Joel B. Carter, Plaintiff, Pro se, Memphis, TN.

REPORT AND RECOMMENDATION

TU M. PHAM, United States Magistrate Judge.

On January 5, 2015, plaintiff Joel B. Carter filed a complaint against Jerry Collins, the CEO of Memphis, Light, Gas, and Water (" MLGW"), accompanied by an application to proceed in forma pauperis . (ECF Nos. 1 & 2.) On January 23, 2015, the court granted Carter's in forma pauperis application. (ECF No. 5.) Pursuant to Administrative Order 2013-05, this case has been referred to the magistrate judge for pretrial management.

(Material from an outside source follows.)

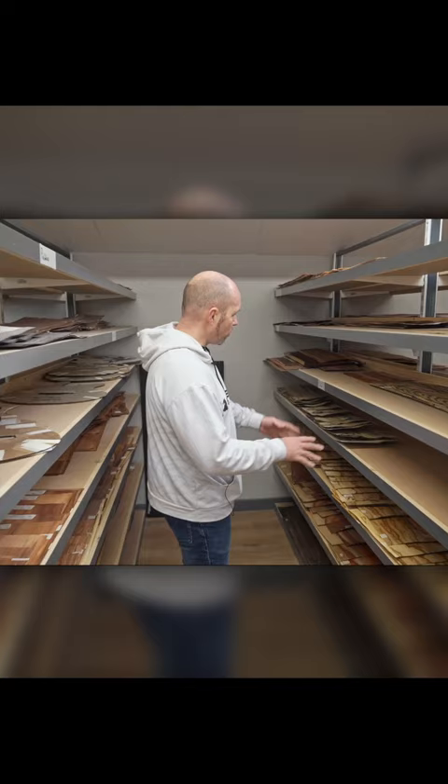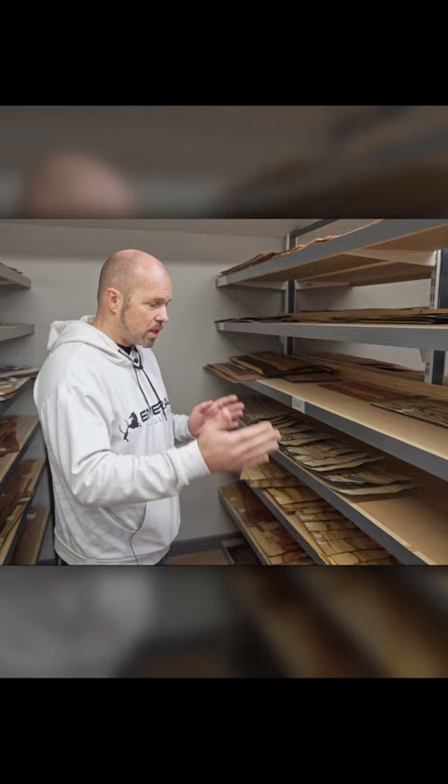We have them all lined out here. We get in all the veneers in big long lengths and we slice them up, photograph them, and number them. I'm going to talk you through that and show you just how we actually do that and how we present them.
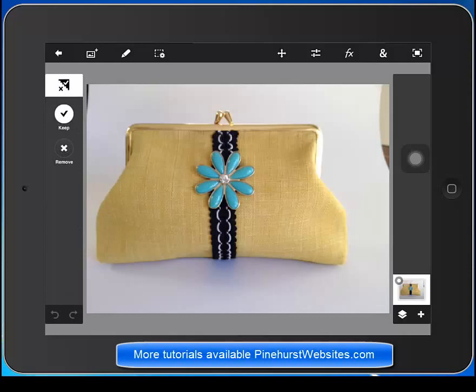The first thing it's going to do is it's going to be highlighted on the white, which is the area that you want to keep. You can either use your finger or a stylus and just highlight the areas that you want to keep.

I. PROPOSED FINDINGS OF FACT

Carter's complaint stems from the alleged " unlawful termination of utilities due to a bill dispute." (Compl. at 3.) According to Carter, the " dispute was not resolved and [the utilities] were cut off anyway." (Compl. at 3.) Carter alleges that he did not have enough time to resolve the dispute and that no one from MLGW ever " knocked at his door" before cutting off the utilities. (Compl. at 3.) Carter cites the " Fair Billing Act" and Fair Debt Collection Practices Act (" FDCPA"), and appears to assert a state law unjust enrichment claim. (Compl. at 3.) In a letter to MLGW attached as an exhibit to his complaint, Carter also cites to the Racketeer Influenced and Corrupt Organizations Act (" RICO"), 18 U.S.C. 1961 et seq., various federal criminal statutes, the Tennessee Consumer Protection Act (" TCPA"), and fraud. (Compl. Ex. A.) Carter's request for relief is that MLGW " restore [his] lights" and that he receive $2 million in damages. (Compl. at 3.)

II. PROPOSED CONCLUSIONS OF LAW

A. Standard of Review

The court is required to screen in forma pauperis complaints and to dismiss any complaint, or any portion thereof, if the action:

(i) is frivolous or malicious;
(ii) fails to state a claim on which relief may be granted; or
(iii) seeks monetary relief against a defendant who is immune from such relief.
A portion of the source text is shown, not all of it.